How I Went From English Major to Serial Software CEO

Jedidiah Yueh
Mission.org
Published in
7 min readOct 25, 2017

I’m an accidental entrepreneur.

After studying English as an undergraduate, I used my skills in literary analysis to ... become the founding CEO of my first enterprise software company. Seven years later, we sold the company to EMC for $165 million.

I went from reading Hemingway and writing an epic fantasy novel to shipping a data de-duplicating file system.

Sound far fetched?

Most of my friends thought I would fail but wouldn’t tell me to my face. When I pitched my software idea to anyone that would listen, I could tell people were wondering: “Is this guy for real?
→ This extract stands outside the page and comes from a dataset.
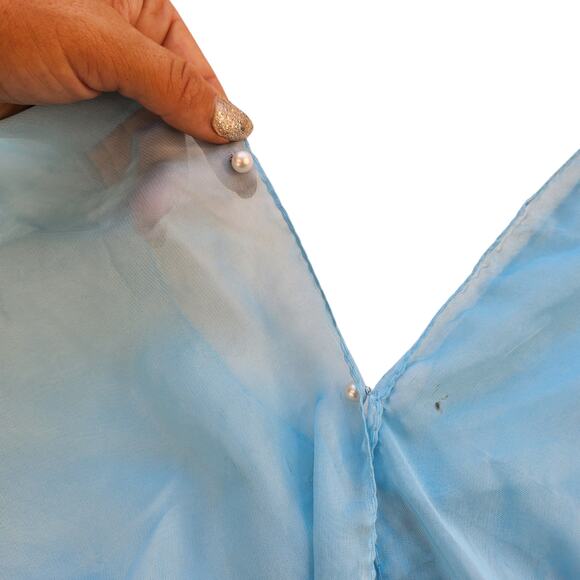 Blue Butterfly Poncho One Size Sheer See Through Whimsical Fairy Fairycore - Picture 11 of 14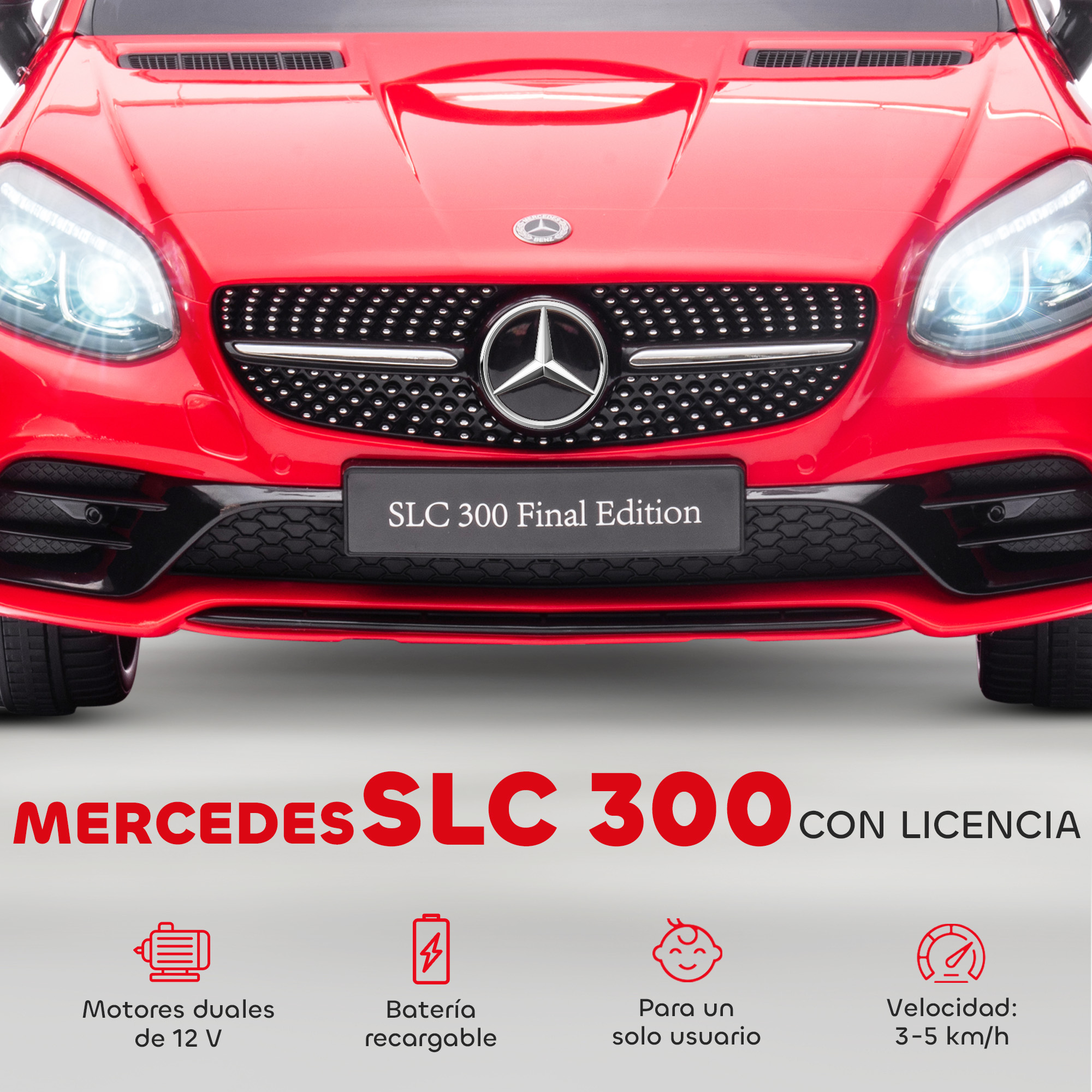 Coche de juguete rojo Mercedes SLC 300 vista frontal con luces y parrilla.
Does he really think he can build a software company?”

There were plenty of times I wondered the same thing.

When I got started, I pitched to any investor I could find. I used my network to get audiences with “B tier” VCs in Southern California and Silicon Valley.

I was rejected by the first four VCs I pitched.

It was 2000. The dot com bubble was bursting around me. Everyone was getting out of tech. Instead of folding, I dug deeper. I pushed the VCs to tell me why they passed. And I learned.

What you don’t know … can make you smarter.

By the time I networked my way to pitches with five of the top ten VCs in Silicon Valley, I had finally learned enough. We received term sheets from three.

I took a big sigh of relief. We were on our way.

Coming Up with the Big Idea

I took a consulting gig one summer for a startup in California and … felt at home for the first time in my working life.

I was a fish in water. I had found my mission.

Software and technology is an incredible canvas for applied creativity. But instead of painting the world in colors or words, you paint it in binary—with 0s and 1s.

A few months after learning about the technology and startup world, I came up with the product idea for Avamar.

When I started Avamar, the enterprise tape backup industry was ripe for disruption. TiVo had launched and MP3 players abounded, taking VHS tapes and audio tapes and putting it all on disk.

I came up with the idea to use smart software to move enterprise backup data from tapes to disk—transferring product concepts from the consumer world to the enterprise IT world.

You might be thinking, how did an English major help invent a deeply technical data management product? I talked to the smartest engineers I could find. And I did a lot of Yahoo! searches.

It sounds ridiculous but it’s true.

It was a simple idea at its heart … except for the deduplicating hash-based file system we had to invent, which took four years to develop and harden.

Seven years later, we celebrated when we sold the company to EMC. A few quarters later, EMC’s CEO Joe Tucci told me Avamar was the second best performing investment he ever made (after VMware, of course).

In the years following the acquisition, EMC generated over $3B in sales from our product and transformed the data backup and recovery industry.

We sold it for millions. They made billions. Maybe I should have majored in math.

After getting shortchanged at Avamar, which I founded in Orange County, California, I decided to move up to Silicon Valley for my second software company, Delphix.

Strategically situated in the epicenter of technology, you have the privilege of buying $2M teardowns on busy streets and the opportunity to gaze wonderingly at roving herds of tech talent. Luckily, I had moved specifically to chase tech talent.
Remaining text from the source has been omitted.